Metode pelapisan uang yang paling umum digunakan adalah dengan mengirimkan dana ke negara yang menjadi 'surga' bagi dunia perbankan, seperti Cayman Islands, Panama, Bahama, Netherlands Antilles. Pada saat dana tersebut keluar dari negara tempat tindak pidana, didukung kuatnya tingkat kerahasiaan bank, asal dari dana sulit dilacak Untuk menambah kompleksitas, dana sebelumnya dialihkan kepada perusahaan fiktif, atau dengan dalih utang ataupun pinjaman.
Adanya jumlah uang yang berbeda-beda dengan frekuensi transfer dana yang tinggi semakin mempersulit proses pelacakan. Perpindahan dana tersebut tidak dilakukan satu kali saja melainkan berkali-kali dengan tujuan mengacaukan alur transaksi, sehingga tidak dapat dikejar ataupun diikuti alurnya. Setidaknya, dalam proses pelapisan uang, ada dua atau tiga jurisdiksi negara yang dilibatkan.
Penyatuan Uang (Integration/Repatriation/Spin Dry)
Upaya menggunakan kekayaan yang telah tampak sah secara hukum, baik untuk dinikmati langsung, diinvestasikan ke dalam berbagai bentuk kekayaan material maupun keuangan, untuk membiayai kegiatan-kegiatan bisnis yang sah, atau bahkan untuk membiayai kembali kegiatan tindak pidana.
Penyatuan uang melibatkan pemindahan sejumlah dana yang telah melewati proses pelapisan yang teliti dan kemudian disatukan dengan dana yang berasal dari kegiatan legal ke dalam arus perputaran dana global yang begitu besar. Mengingat adanya berbagai instrumen keuangan, seperti letters of credits, pinjaman, asuransi, bill of lading, bank notes, dan surat berharga lainnya, keberadaan awal dari dana tidak terdeteksi. (Aziz Syamsuchin: 2007).
3. Pengaturan Hukum Tindak Pidana Pencucian Uang
Tindak pidana pencucian uang di Indonesia diatur dalam Undang-Undang Nomor 8 Tahun 2010 tentang Pencegahan dan Pemberantasan Tindak Pidana Pencucian Uang (selanjutnya ditulis UU No. 8 Tahun 2010).
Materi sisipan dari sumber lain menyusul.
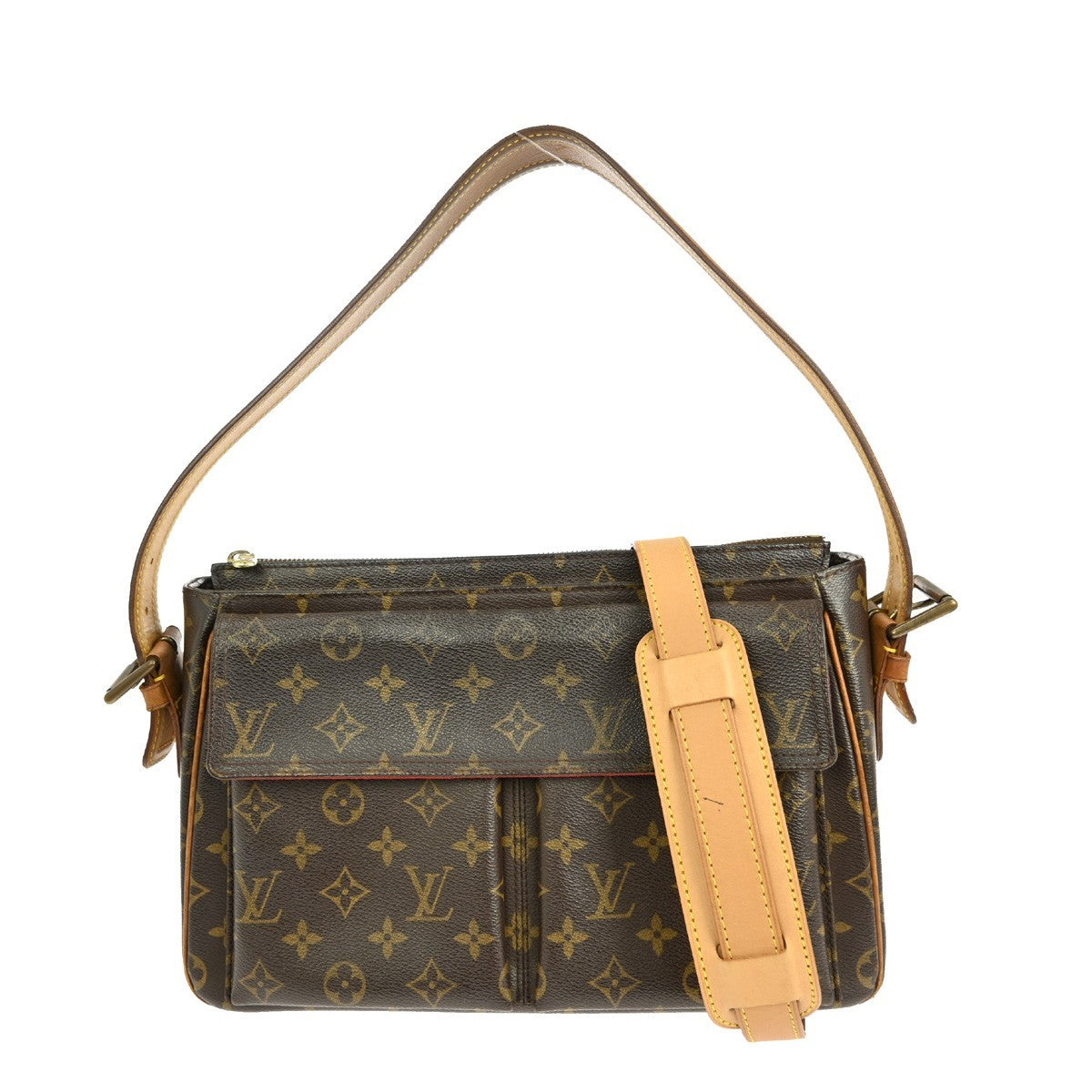 Louis Vuitton Viva Cite Handbag Monogram Canvas, BROWN, CANVAS, Handbag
UU No. 8 Tahun 2010 diundangkan pada 22 Oktober 2010 menggantikan Undang-Undang Nomor 15 Tahun 2002 Tindak Pidana Pencucian Uang, yang sebelumnya juga telah diubah dengan Undang-Undang Nomor 25 Tahun 2003 tentang Tindak Pidana Pencucian Uang, yang dinilai tidak sesuai Iagi dengan perkembangan kebutuhan penegakan hukum, praktik, dan standar internasional.
Berdasarkan UU No. 8 Tahun 2010 Pasal 1 ayat (1), yang dimaksud dengan tindak pidana pencucian uang adalah segala perbuatan yang memenuhi unsur-unsur tindak pidana sesuai dengan ketentuan dalam undang-undang ini.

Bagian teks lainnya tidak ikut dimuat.